[Xapian-devel] Document clustering module?

Thu Sep 20 20:23:30 BST 2007

On Thu, Sep 20, 2007 at 11:12:55PM +0800, ??? ????????? ??? (Yung-chung Lin) wrote:
> +static bool test_docsim1() {
> +    Xapian::Database db(get_database("etext"));
> +    string query = "Time";
> +    Xapian::Stem stemmer("en");
> +
> +    Xapian::QueryParser qp;
> +    qp.set_database(db);
> +    qp.set_stemmer(stemmer);
> +
> +    Xapian::Enquire enq(db);
> +    enq.set_query(qp.parse_query(query));

It doesn't really matter, but we aren't trying to test the QueryParser
here so I'd just go for the simpler and slightly faster option:

    enq.set_query(Xapian::Query(stemmer("time")));

> +    Xapian::MSet matches = enq.get_mset(0, 30);
> +
> +    Xapian::DocSimCosine doc_sim;
> +    doc_sim.set_database(db);
> +    for (Xapian::doccount i = 0; i < matches.size(); i+=2) {
> +        double sim
> +            = doc_sim.calculate_similarity(matches[i].get_document(),
> +                                           matches[i+1].get_document());
> +        TEST(sim >= 0 && sim <= 1);

All the documents under consideration contain "term", so we should have
sim > 0 for DocSimCosine.

Incidentally, what properties do we actually require of similarity
measures?  We should document these so people creating their own
subclasses know what is required.

I think we definitely require:

* sim(a,b) == sim(b,a) (commutative)
* sim(a,b) >= 0

We may also want:

* sim(a,b) <= 1
* sim(a,a) == 1

Are there any others?

> +  protected:
> +    /// The database from which documents are retrieved.
> +    Database db;

I'm not sure if this should be in the base class or not.  It's certainly
possible to write a subclass which doesn't need it (e.g. count the
number of terms in common and divide by the greater number of terms)
although many will need it.  It's not much of an overhead though.

> +#include <math.h>

We recently decided to prefer `#include <cmath>' in new code (there are
semantic differences in some instances, so we're holding off a wholesale
conversion until 1.1.0 to avoid any risk of breaking existing code).

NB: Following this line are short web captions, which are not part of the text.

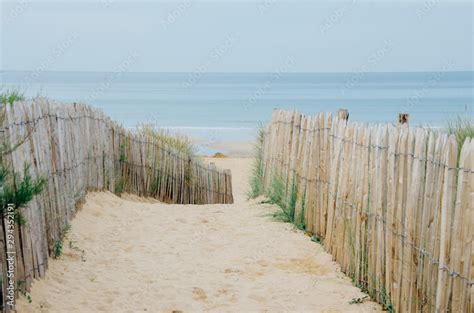 chemin menant à la plage avec une clôture et du sable d une dune Stock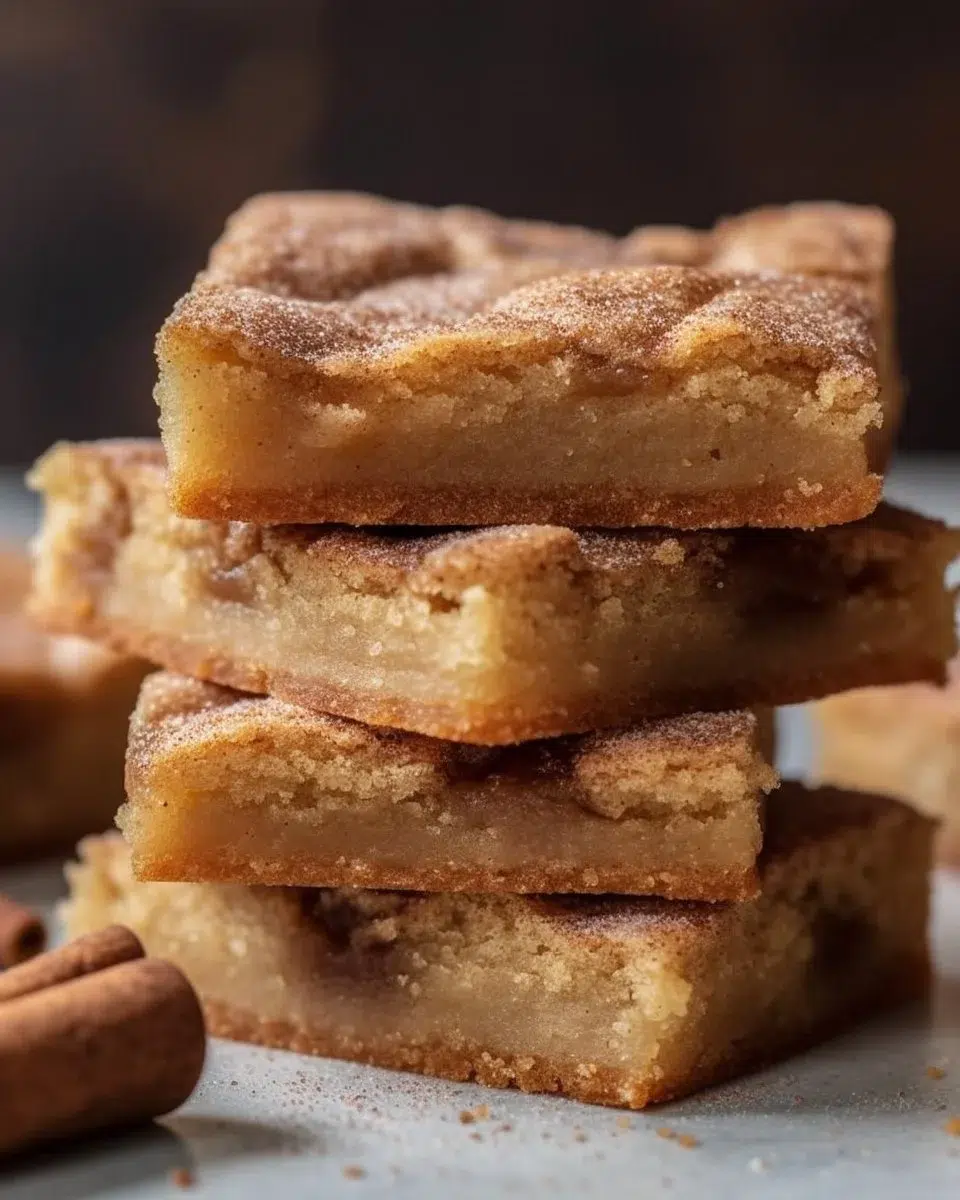 Delicious cinnamon sugar blondies topped with a honey glaze, perfect for dessert.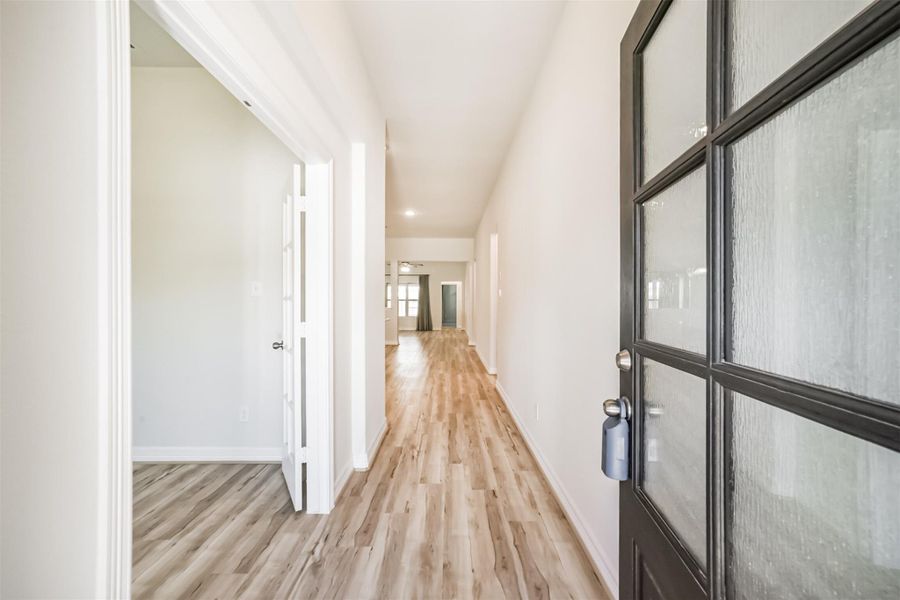 Welcome in! Step inside and fall in love with the designer paint and luxury vinyl plank flooring that flows throughout. To the left of the foyer is your private study, offering a quiet space for work or study. Welcome in! Step inside and fall in love with the designer paint and luxury vinyl plank flooring that flows throughout. To the left of the foyer is your private study, offering a quiet space for work or study.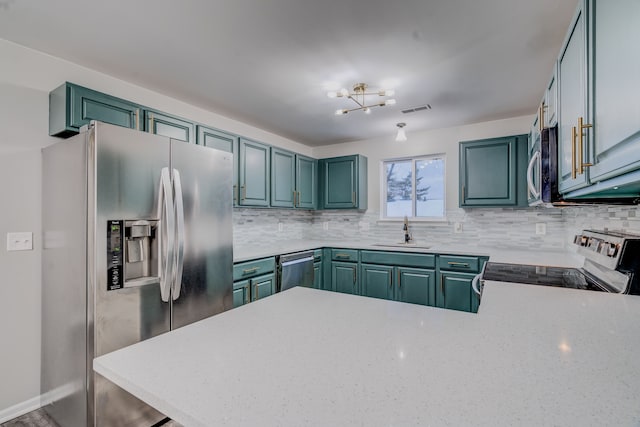 kitchen featuring tasteful backsplash, kitchen peninsula, sink, and appliances with stainless steel finishes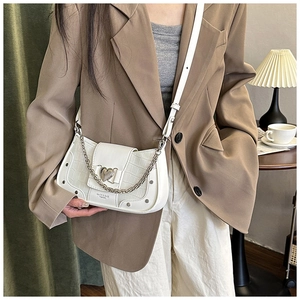 Detail showing white crocodile embossed handbag with heart metal buckle and chain decoration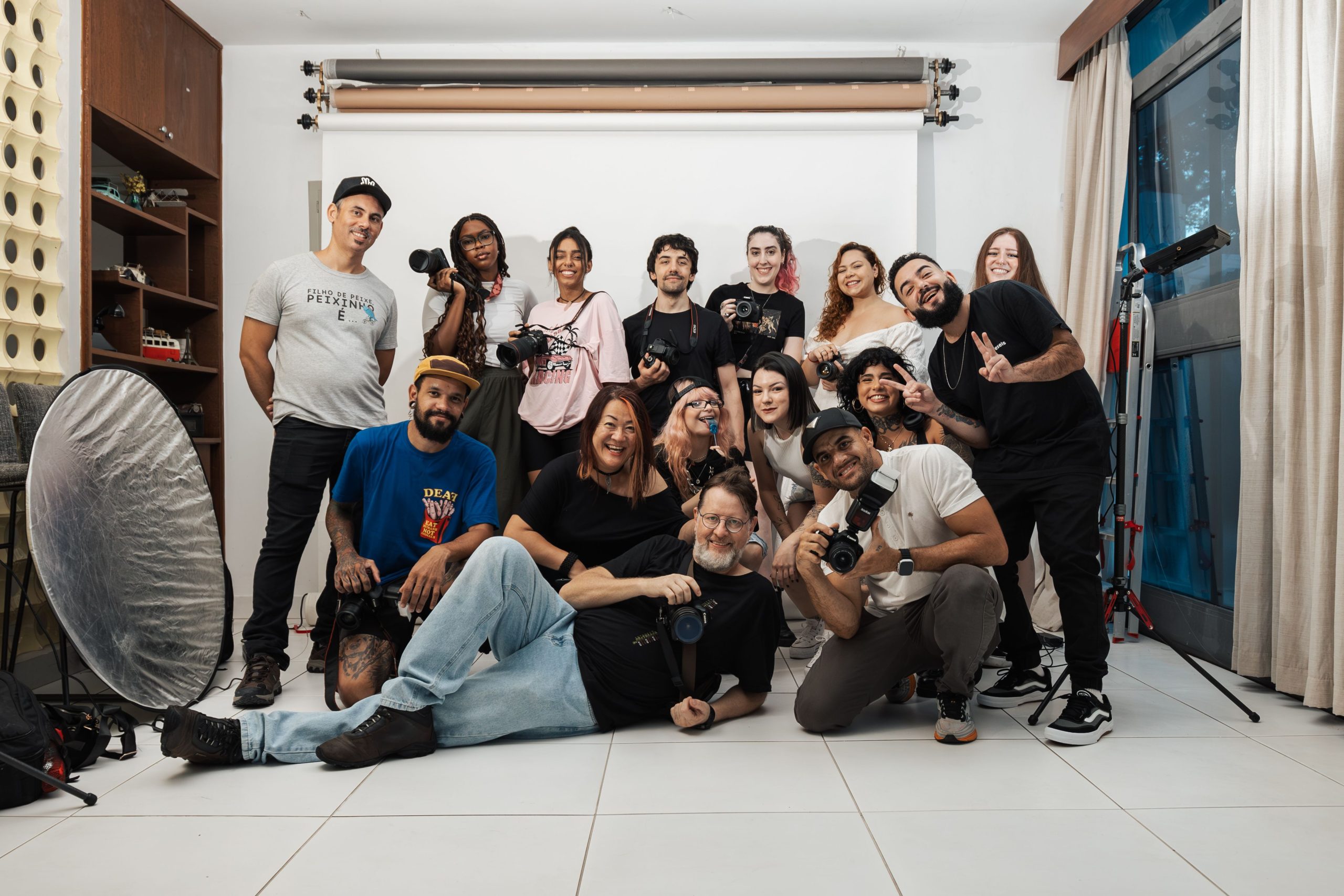 Cheerful group of photographers posing together in a bright photography studio.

> +    for (wt_iter = wt_a.begin(); wt_iter != wt_a.end(); ++wt_iter) {
> +        wt_iter->second /= wt_a_denom;
> +    }
> +    
> +    for (wt_iter = wt_b.begin(); wt_iter != wt_b.end(); ++wt_iter) {
> +        wt_iter->second /= wt_b_denom;
> +    }

Unless I'm missing something we don't need to do this normalisation at
all, since wt_a_denom and wt_b_denom just factor out of wt_sq_sum_a,
wt_sq_sum_b, and inner_product and then cancel in the final calculation!

Are you doing it like this because you're worried about overflow or
something like that?

If we don't need to normalise here, it seems we don't need wt_a or wt_b
or wt_a_denom or wt_b_denom at all - we can just run through the
termlists of the two documents in parallel, advancing whichever
currently has the lowest term, and calculating the three sums at
once.

If you don't follow, don't worry - I can try rewriting it before I apply
it and see if it works.

Cheers,
    Olly